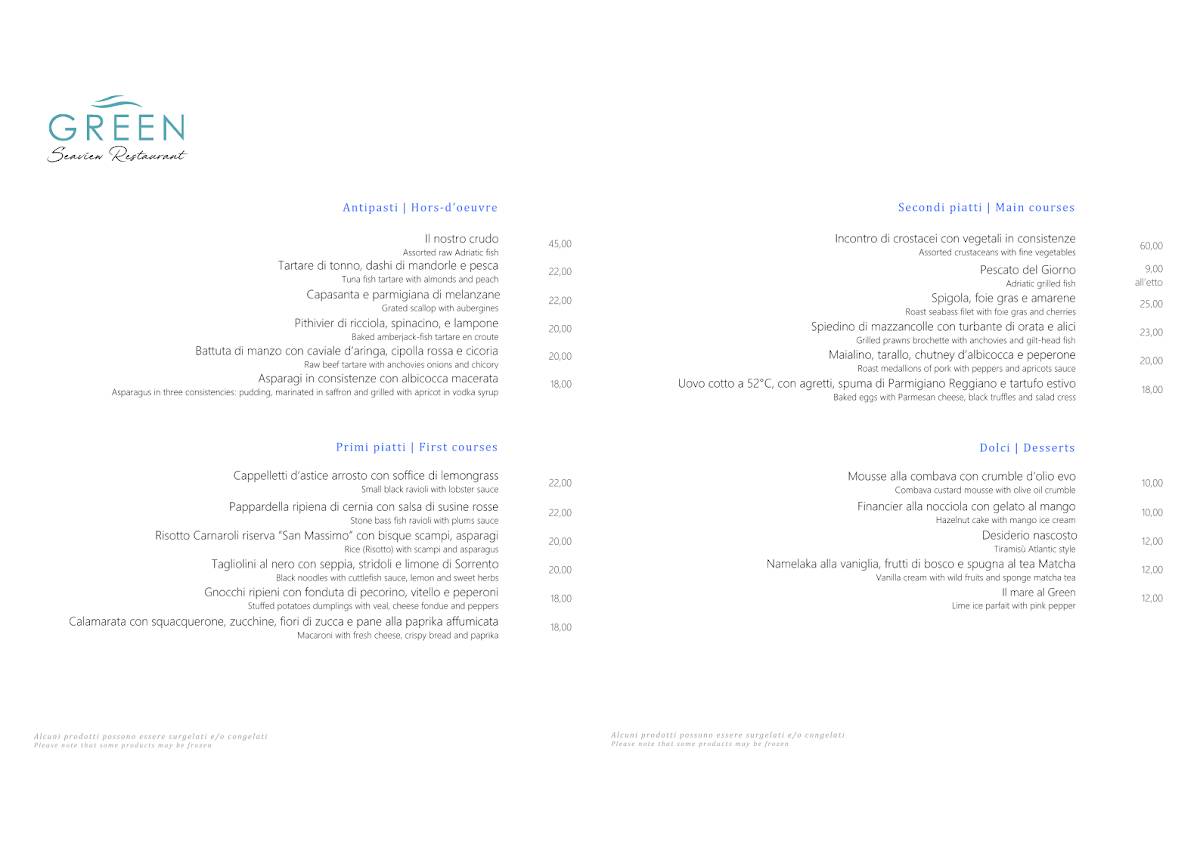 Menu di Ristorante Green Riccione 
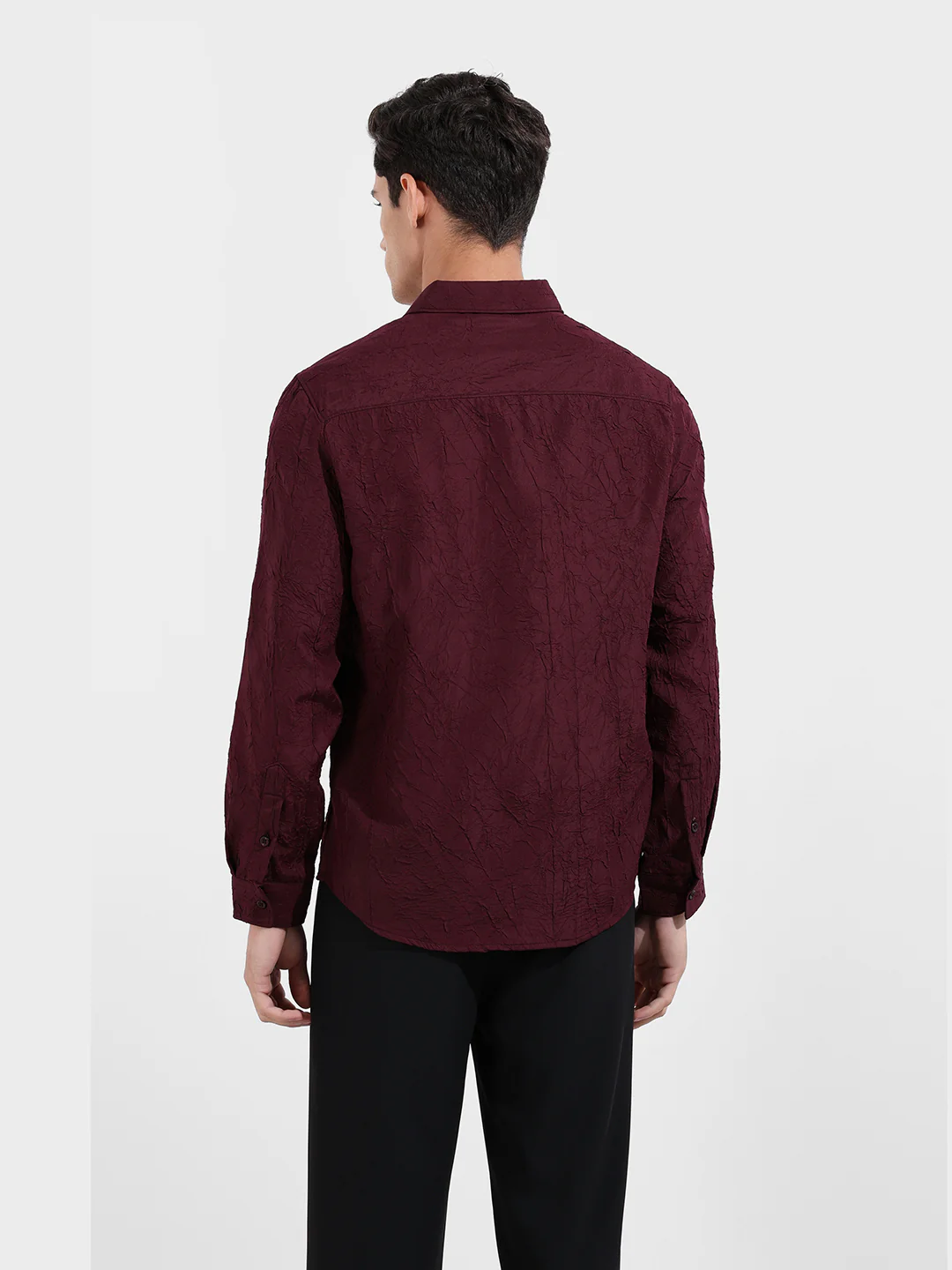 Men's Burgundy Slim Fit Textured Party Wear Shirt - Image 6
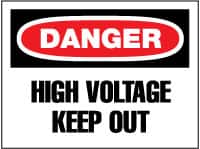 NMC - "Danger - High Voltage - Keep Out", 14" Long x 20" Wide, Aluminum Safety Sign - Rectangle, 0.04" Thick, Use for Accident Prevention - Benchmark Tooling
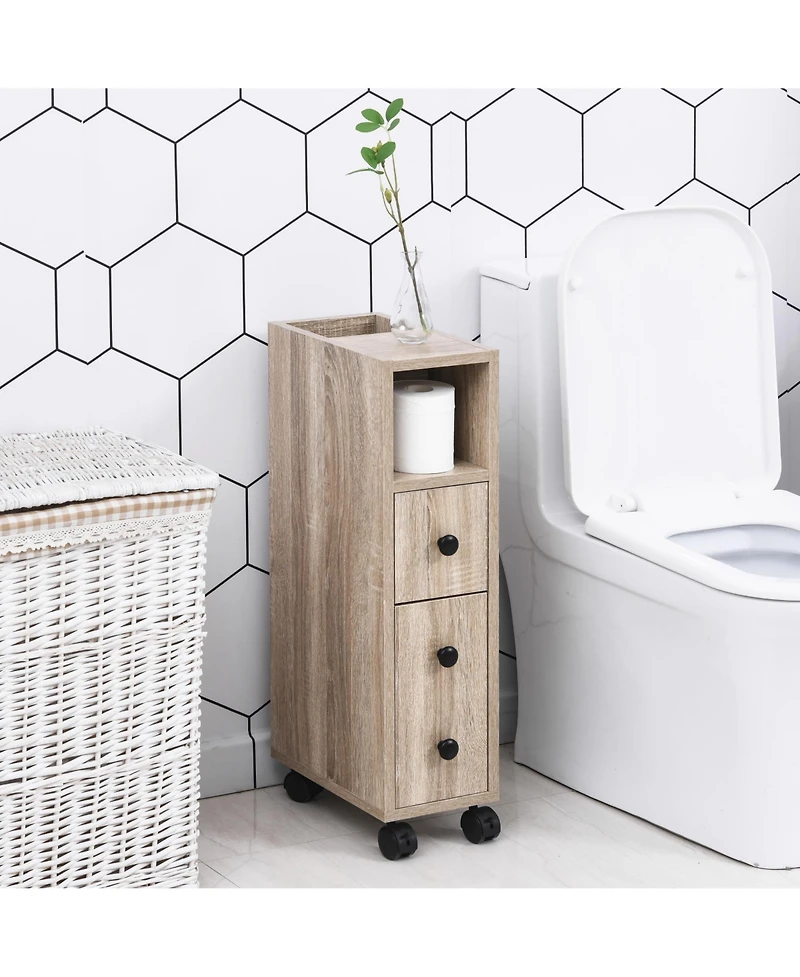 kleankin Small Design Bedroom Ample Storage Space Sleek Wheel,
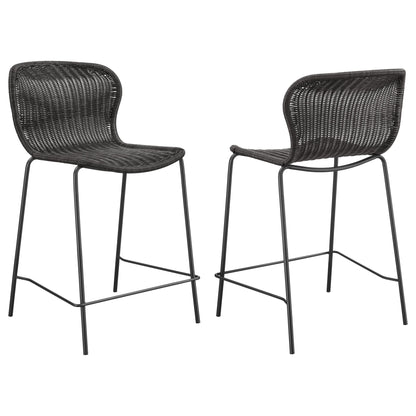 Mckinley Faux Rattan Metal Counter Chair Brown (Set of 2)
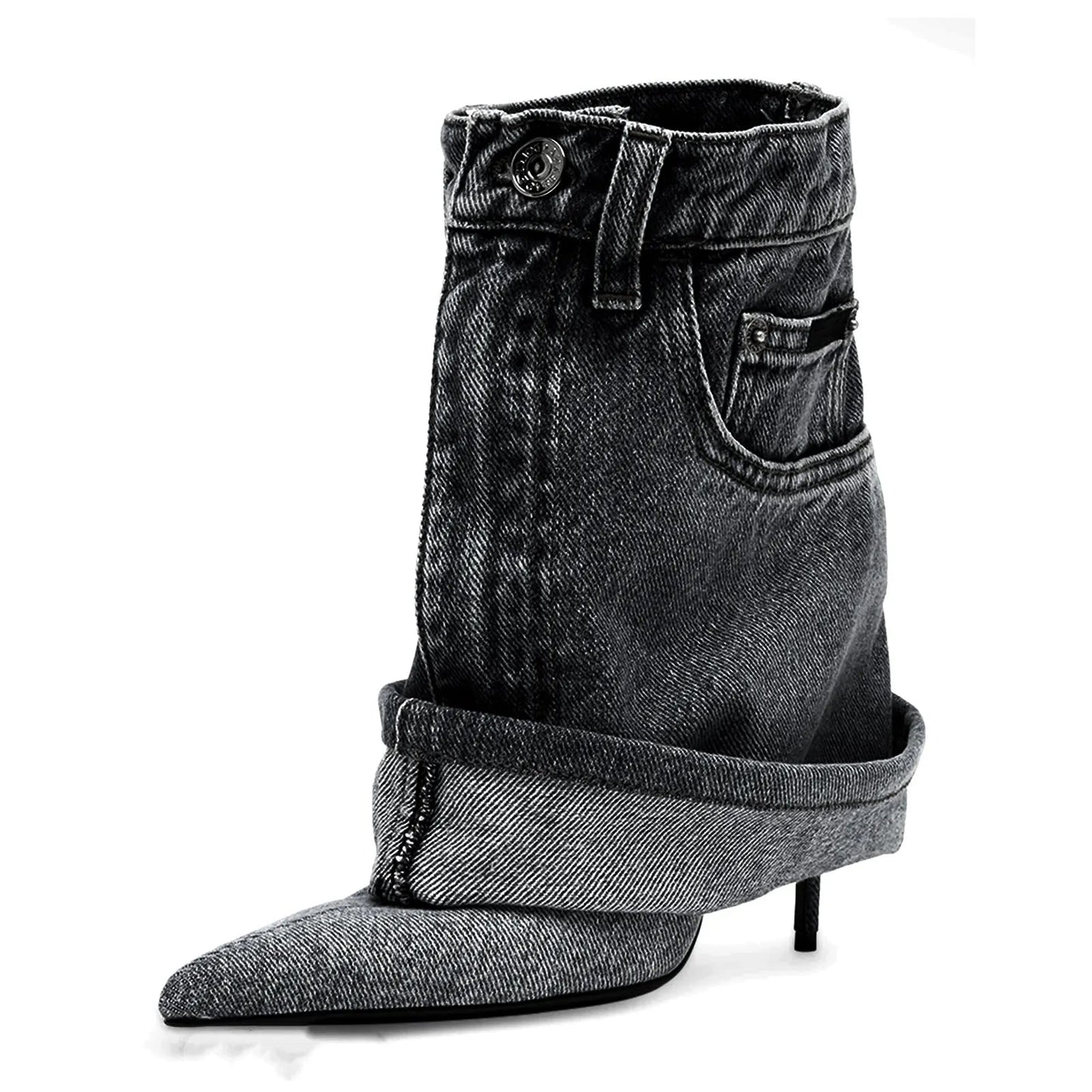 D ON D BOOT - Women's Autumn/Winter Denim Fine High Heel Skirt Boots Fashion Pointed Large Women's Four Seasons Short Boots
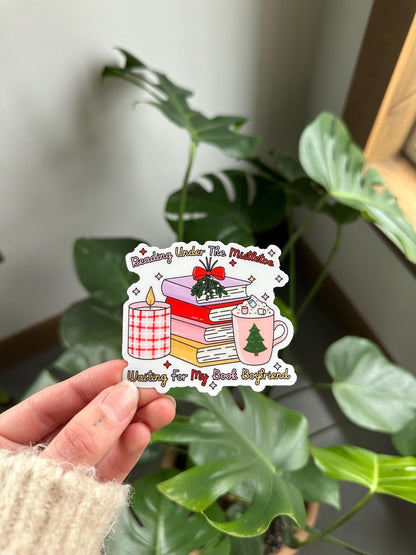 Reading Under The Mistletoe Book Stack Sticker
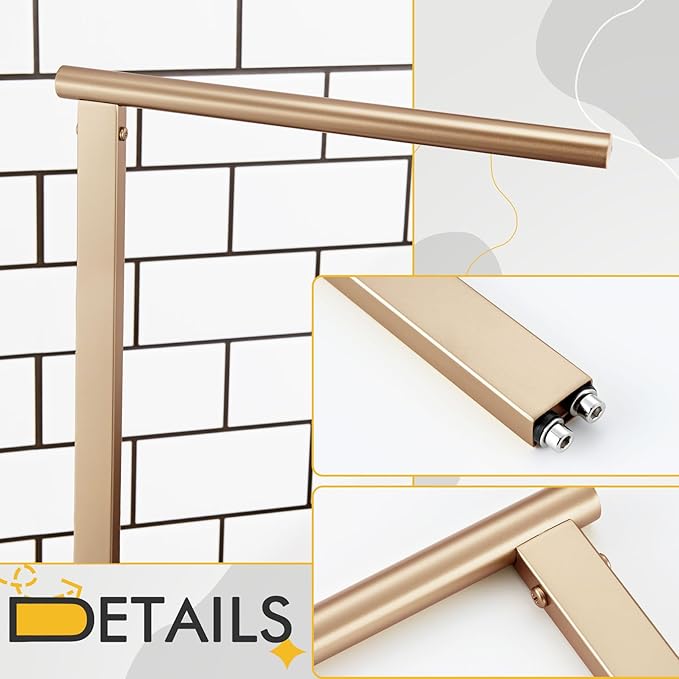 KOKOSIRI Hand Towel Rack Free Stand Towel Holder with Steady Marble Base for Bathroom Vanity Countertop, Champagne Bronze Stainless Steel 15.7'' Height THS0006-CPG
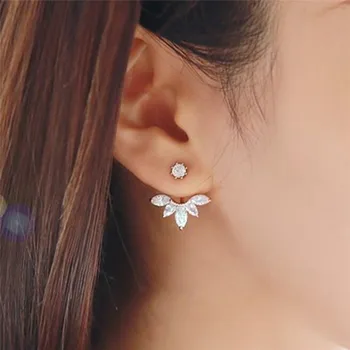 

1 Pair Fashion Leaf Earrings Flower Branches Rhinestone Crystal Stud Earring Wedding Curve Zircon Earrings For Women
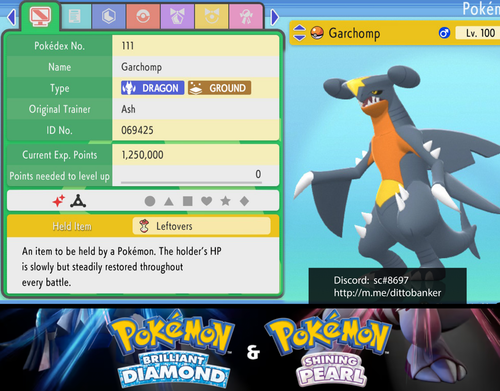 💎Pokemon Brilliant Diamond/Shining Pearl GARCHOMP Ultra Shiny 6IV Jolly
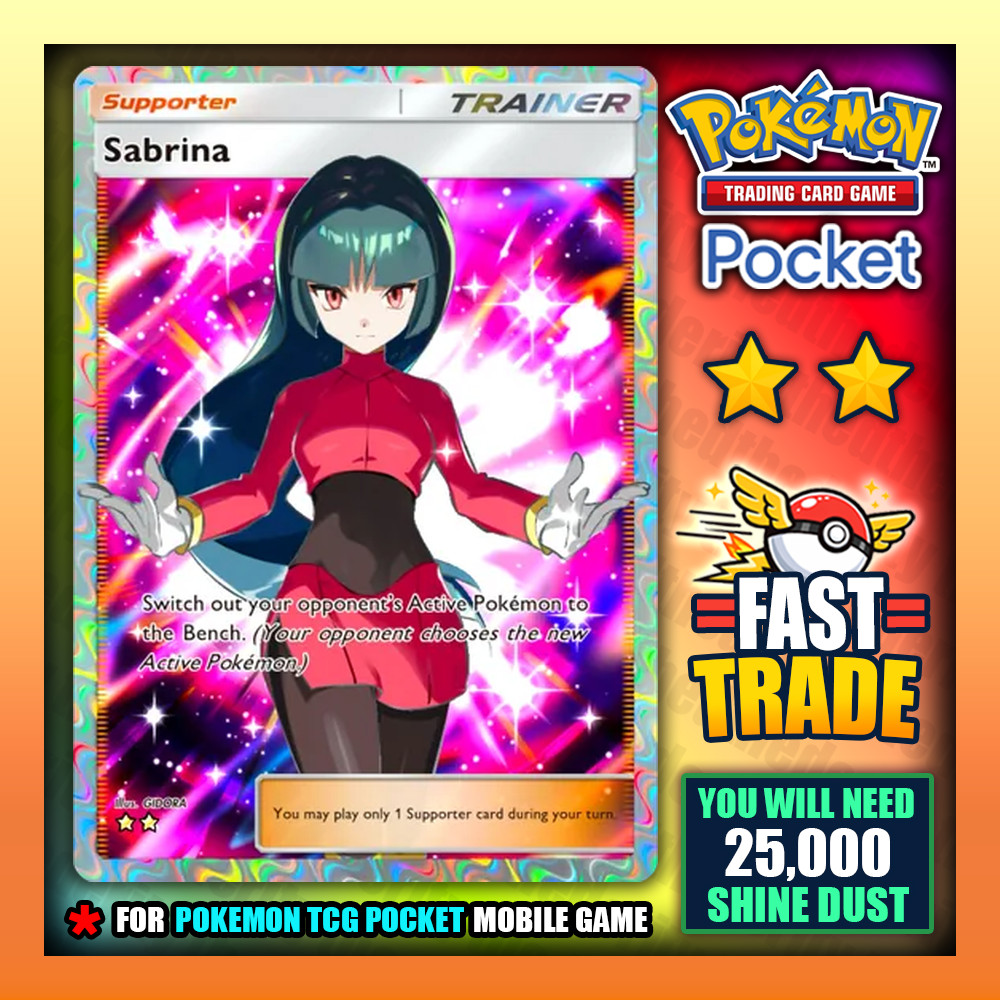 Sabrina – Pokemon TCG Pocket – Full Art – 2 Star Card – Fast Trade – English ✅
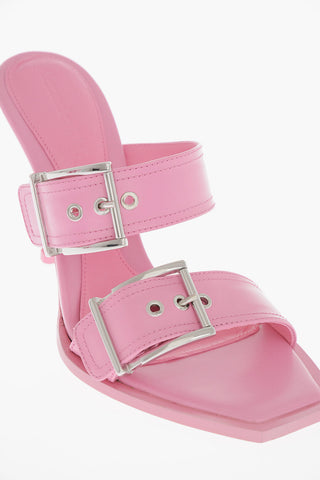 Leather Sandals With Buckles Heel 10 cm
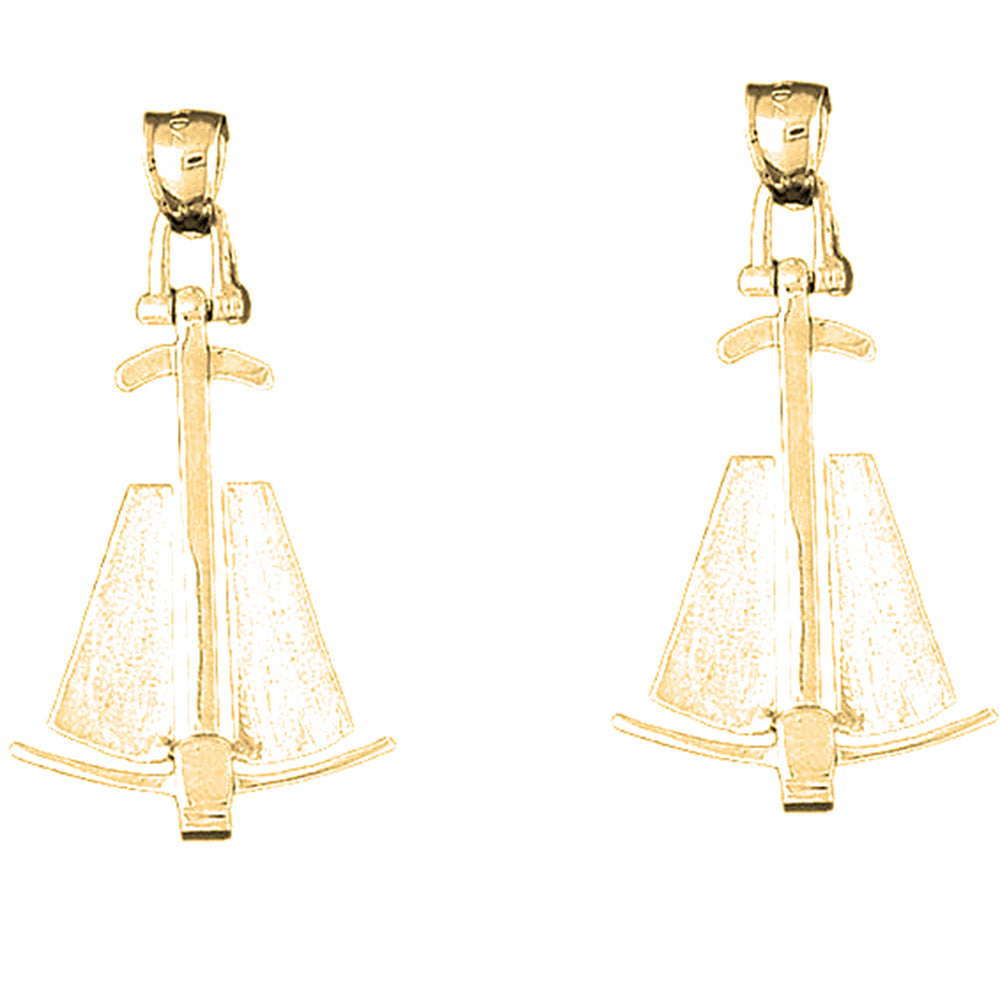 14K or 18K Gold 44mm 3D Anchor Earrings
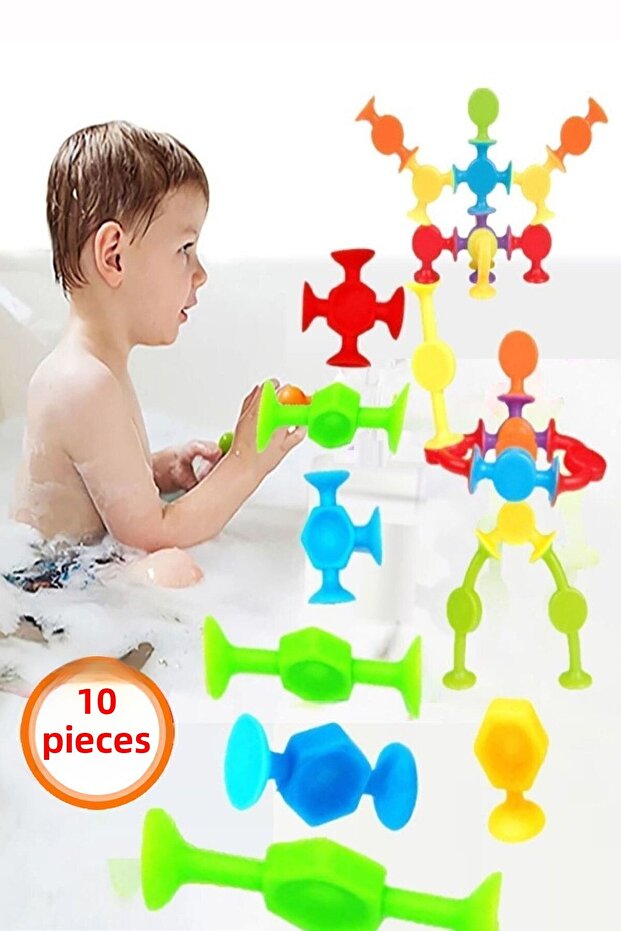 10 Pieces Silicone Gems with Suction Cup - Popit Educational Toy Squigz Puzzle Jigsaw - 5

□ □ □

§ **EXERCISE PROMPT**
Retype exactly the lines above, starting at the line containing "Leather Sandals With Buckles Heel 10 cm" and ending with the last line, both included; leave out the pictures.

§ **RESULT**
 Leather Sandals With Buckles Heel 10 cm
 14K or 18K Gold 44mm 3D Anchor Earrings
 10 Pieces Silicone Gems with Suction Cup - Popit Educational Toy Squigz Puzzle Jigsaw - 5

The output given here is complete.